Find, in the records below, the line that contains "Photo 14 at" and the line that contains "968 Mckinley Ave, Pocatello, ID". Copy those two lines and everything between them exactly, but not the pictures.

- _Recorded information_:
──────────
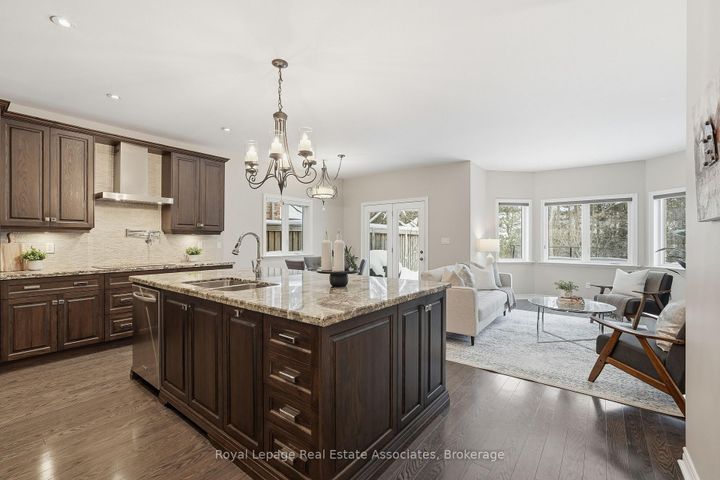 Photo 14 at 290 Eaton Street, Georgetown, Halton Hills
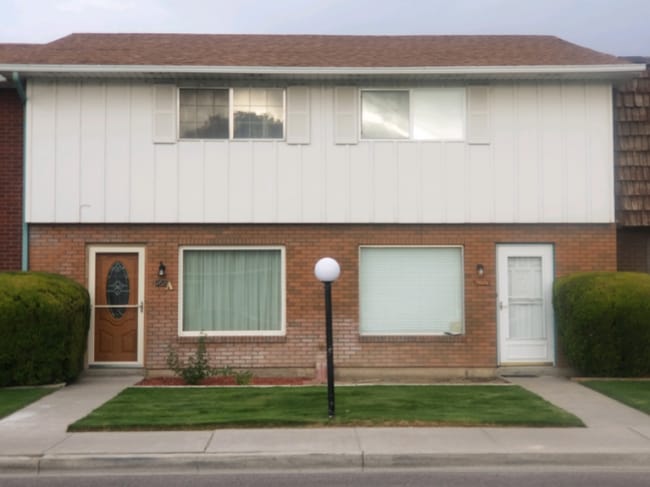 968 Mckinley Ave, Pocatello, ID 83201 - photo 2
──────────
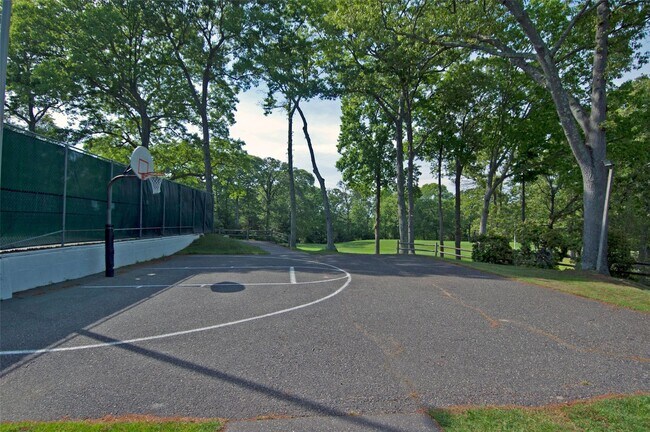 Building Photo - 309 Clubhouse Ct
──────────
- _Task output_:
 Photo 14 at 290 Eaton Street, Georgetown, Halton Hills
 968 Mckinley Ave, Pocatello, ID 83201 - photo 2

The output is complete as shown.